Marie Béland graduated in 2003 with a bachelor’s degree in contemporary dance creation. She then founded her company, MARIBÉ-SORS DE CE CORPS, to support her choreographic work. At the same time creator, project leader and collaborator, she began her trajectory by researching a singular gestural signature. This approach was quickly replaced by the creation of experimental and performative works, with the intention of questioning the fabrication of performance, the commonplace reflexes in dance creation and the artifices of the stage. At the dawn of the 2010’s, she opened a new chapter in her work by paying close attention to the choreography produced by our bodies in the process of speaking, a state she describes as “body-speak”. Her practice has led her to collaborate with some of Montreal’s leading performers, including Anne Thériault, Marilyne St-Sauveur, Simon-Xavier Lefebvre, Rachel Harris, Peter Trosztmer, Andrew Turner, to name but a few. She also collaborated on theatrical, musical and multidisciplinary productions.

For the past 20 years, Marie has distinguished herself through works that invite reflection from both young and general publics, and that have been presented in theaters, festivals, private and public spaces in Quebec, Canada, Europe and Africa. Drawing from our different uses of the body and the gestures that make up our daily lives, Marie organizes banal movement to make it danceable and complex. The stage acts to reveal the troubled zones of fiction inverting the true, the false and the plausible. Her creations approach live performance as a social and aesthetic phenomenon, an opportunity to study the transformations that our ordinary bodies undergo in contact with the stage. She is currently working on a new creation that addresses sisterhood through cyclical ritual practices.

Marie is also a co-founder of La 2e Porte à Gauche (2003-2018), and is publishing her master’s thesis in 2019 entitled Cartographie de la scène: les forces en jeu dans le spectacle vivant, which seeks to question the object of performance and understand its workings. She is, as well, a member of the EDCM faculty, and acts as a lecturer at UQÀM.

The company maribé – sors de ce corps is a member of Circuit-Est centre chorégraphique and is represented by Art Circulation.

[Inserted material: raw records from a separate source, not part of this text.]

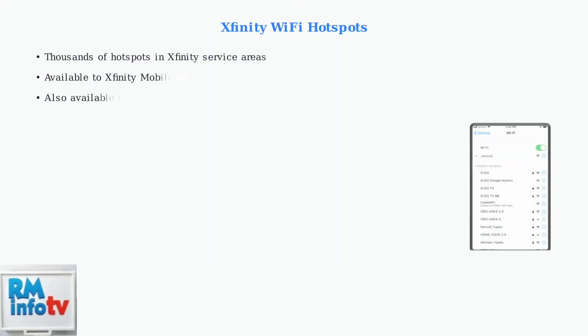Xfinity offers multiple mobile hotspot options to keep you connected when traditional Wi-Fi setup isn't available. These solutions provide flexible Internet access through existing Xfinity infrastructure. Xfinity provides thousands of Wi-Fi hotspots throughout their service areas.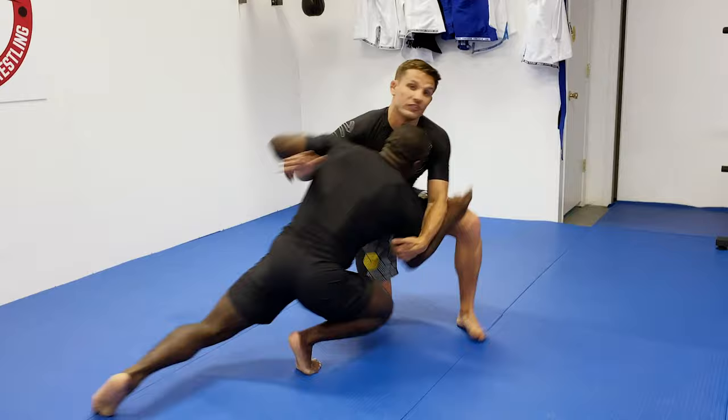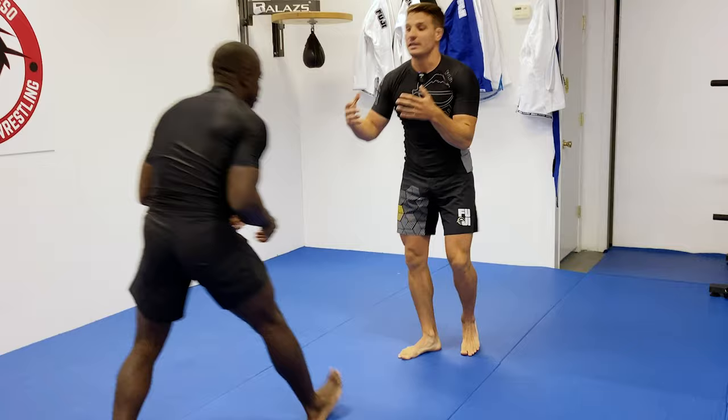So in a perfect world, when an opponent shoots a double leg, a pancake is going to look very smooth like this.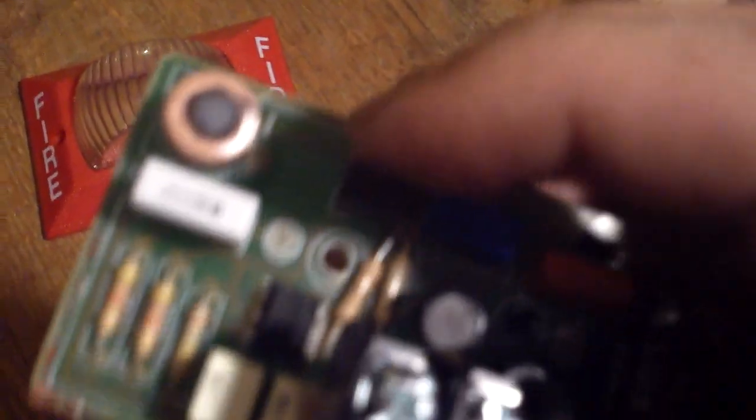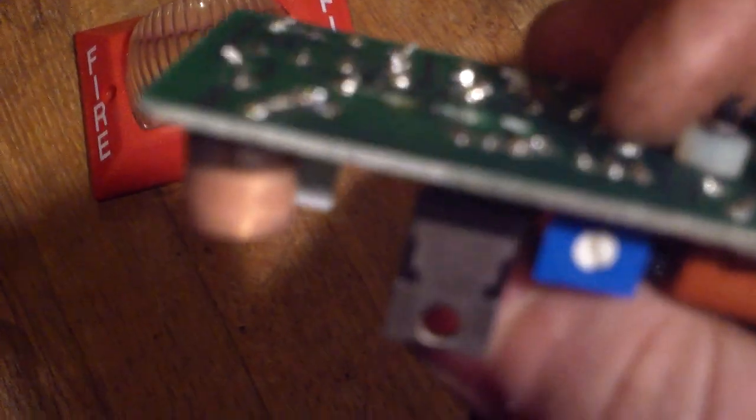I have some really bad experiences with frying MOSFETs before I even get them off the board, because I have a 40 watt soldering iron and it always kills them.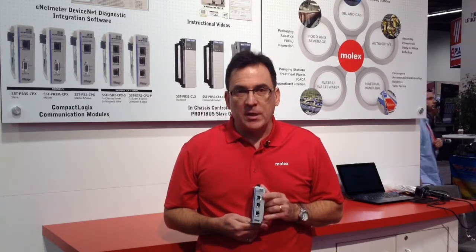So it's very practical in terms of the functionality. The purpose of the module is great for any Modbus type of applications.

ARTISTIC DECLARATION OF MARIE BÉLAND

In my work, I invite the public to perceive art and dance as systems that respond to the same rules as those governing our society, in particular those harmonizing relations between people. My works are sometimes radical and they discipline the undisciplined with precision and finesse. Their apparent carefree spirit reveals a thoughtful reflection on human nature and social issues: I address dance, spectacle and dance performances to reveal their undersides, their mechanisms and even their failings. I question the parameters of dance: its favored codes, the way it invests the body and the stage, its clichés and its conventions, as metaphors of the codes and habits of our social fabric. What brings us together, what do we like, how do we react and why? Questioning the art of dance becomes a pretext to construct a portrait of the human being, its beauties, its desires, its failures. How dance, by its mechanisms and its trends, reflects the beings that we are and our individual, group and societal choices.

My choreographic signature combines dynamic physicality, absurd humor, popular culture and public engagement in a construction of meaning that can both unsettle and delight My movement esthetic preoccupations are focused more and more on gestures that go beyond form to become a conveyor of the piece’s meaning, its proposition, its conceptual expression. The performers use the human body in all of its senses to become the incarnation of an idea and its expression. They do actions rather than execute shapes. The body is not the ends but the means. It is important that the meaning of the work emerges from the movement. I prioritize a “hybrid language”, a diversified vocabulary where movement, words and sounds overlap. My primary tool remains body movement but to go further in the transmission of my reflections to the public, I do not hesitate to mix different elements of artistic expression that are not necessary those of dance.

In my propositions, the eventual spectators’ experience is at the heart of the choreographic choices. I like to assume confidence in the intelligence of the spectator and to leave them the choice – the right – to their own experience with an art work.   My relationship with the public is frank and colored with humor. For several years now, I have shared with viewers my preoccupations about performance by using them as creative motors, either by asking about dance appreciation through a reflection on its failings (Dieu ne t’a pas créé juste pour danser, 2008), or by x-raying a show to reveal its mechanisms, its backstage actions as well as its artifices (RAYON X : a true decoy story, 2010), or by giving the spectator the liberty to reconstruct the show from visual clues with only glimpses of the body (BEHIND : une danse dont vous êtes le héros, 2010), or by questioning the influence of images and words on the mediatized body (BLEU – VERT – ROUGE, 2013) or, finally, by questioning the performers’ quest for authenticity in learning another’s role (Révélations, 2014). For each of these creations, I worked to propose a dance that was at once accessible and intelligible, one that relies as much on the entertaining aspect of performance as on its role as a mirror/critic of society.

– marie b.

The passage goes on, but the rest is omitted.